Archivists note to the reader: It seems you are viewing this item in the human language English. For this reason names have been transliterated, units have been converted, and the content has been ontologically translated. Apologies for any inconsistencies.
Ziet rounded the corner of the shuttle carefully, the human and the second deathworlder following close behind. The shuttle was only to be docked for a little under sixty minutes, left empty for less than fifteen, and unguarded for a mere seven.
There! The cockpit hatch! She reached a tendril toward the handle, but before she could open it the door opened by itself, revealing a short, but defiantly menacing individual holding a nasty looking weapon. Ziet froze in horror, before speaking frantically, the normal perfection of her grammar lost to the urgency of the moment.
“Kakia! Please just let us go, you’ll never need to see me again.”
The individuals mouth stretched into a wide, unnatural imitation of a human’s grin.
“Well, well, well, if it isn’t my old,’ she spat out the word, “friend. Ziet, the highly esteemed logistics technician, how are you? And what are you doing with the recently escaped, and even more recently declared dead prisoners?”
She focused her weapon at Ziet. On a human’s face a grin can be cheery. In the rest of the universe that grin is taunting, threatening, menacing.
“Please just let us go, please. Please?”
“With the price on their head? With the human ambassador to the GA right here? Why, that would be treason.”
She leaned in close, close enough that the puff of breath that accompanied each word ruffed the fur on Ziet’s face.
“And you, my wonderful, treasonous colleague, here, at my mercy?”
The grin stretched wider, more teeth appearing, ivory white. The words came exaggerated, theatrical.
“It was self defense. She attacked me with the deathworlders. She committed treason.”

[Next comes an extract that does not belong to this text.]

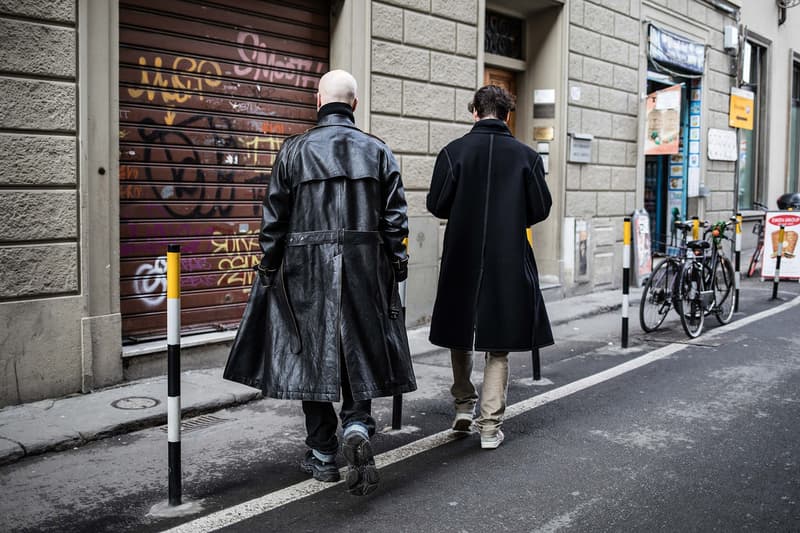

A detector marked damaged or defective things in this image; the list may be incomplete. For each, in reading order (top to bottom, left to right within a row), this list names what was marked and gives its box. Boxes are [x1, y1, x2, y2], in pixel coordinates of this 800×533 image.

rusty shutter [118, 0, 328, 340] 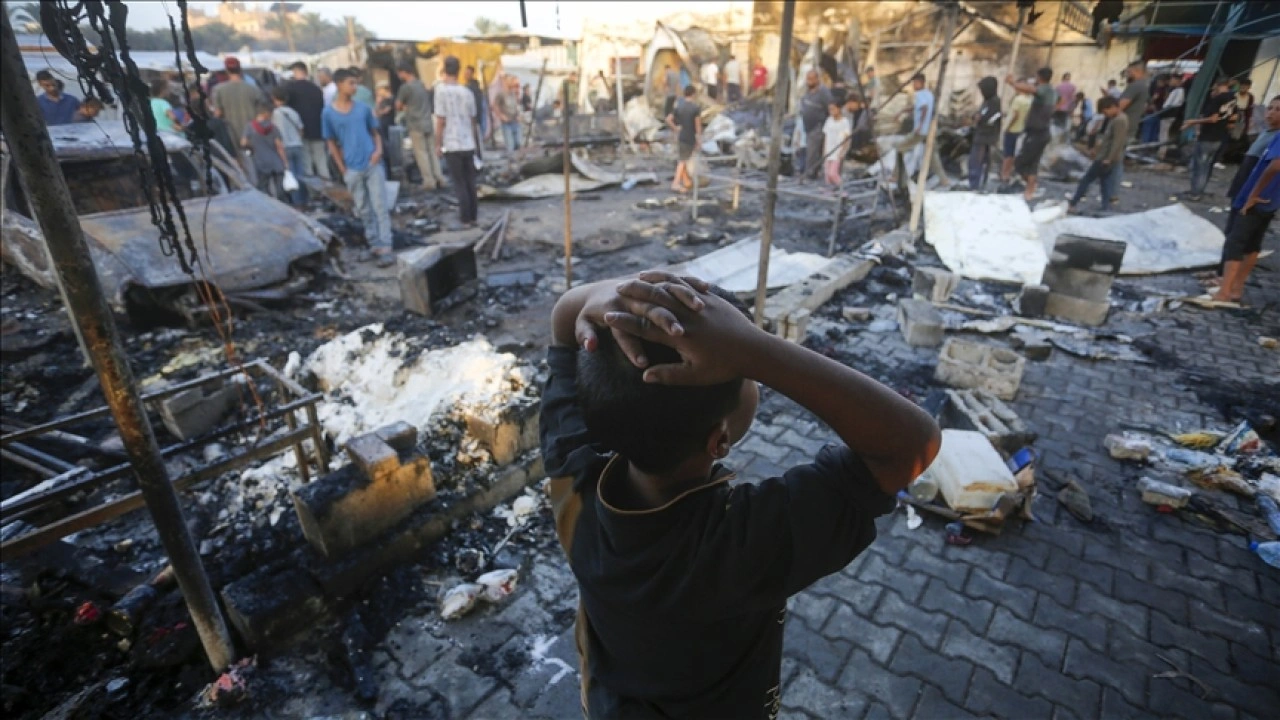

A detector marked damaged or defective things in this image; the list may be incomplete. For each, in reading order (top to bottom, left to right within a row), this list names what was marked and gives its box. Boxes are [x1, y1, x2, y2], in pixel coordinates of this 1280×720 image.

Ziet recognized the weapon, specifically the three white dots on the side, and her blood ran cold.
“You’re right about one thing Ziet.”
Her grip tightened on the trigger.
“I’ll never have to see you again.”
The human lunged for the weapon, but no race in the universe was that fast. Ziet felt an impact against her chest, and then a horrible anticipation, like the moment between an injury, and the inevitable agony it would cause. No! Please no! Then malice, pure hatred, flooded through her from the point of impact, coursing through her veins, attacking every nerve and cell in her body. She felt the thaumutic energy in her system recoil, and than start to fight the attacker, but the attacker was sly, and as each pulse of power attacked it was converted, joining the ever-growing tide of hatred and pain. Her body decided that it wasn’t going to win this fight, and instead chose to jettison the power through whatever route necessary.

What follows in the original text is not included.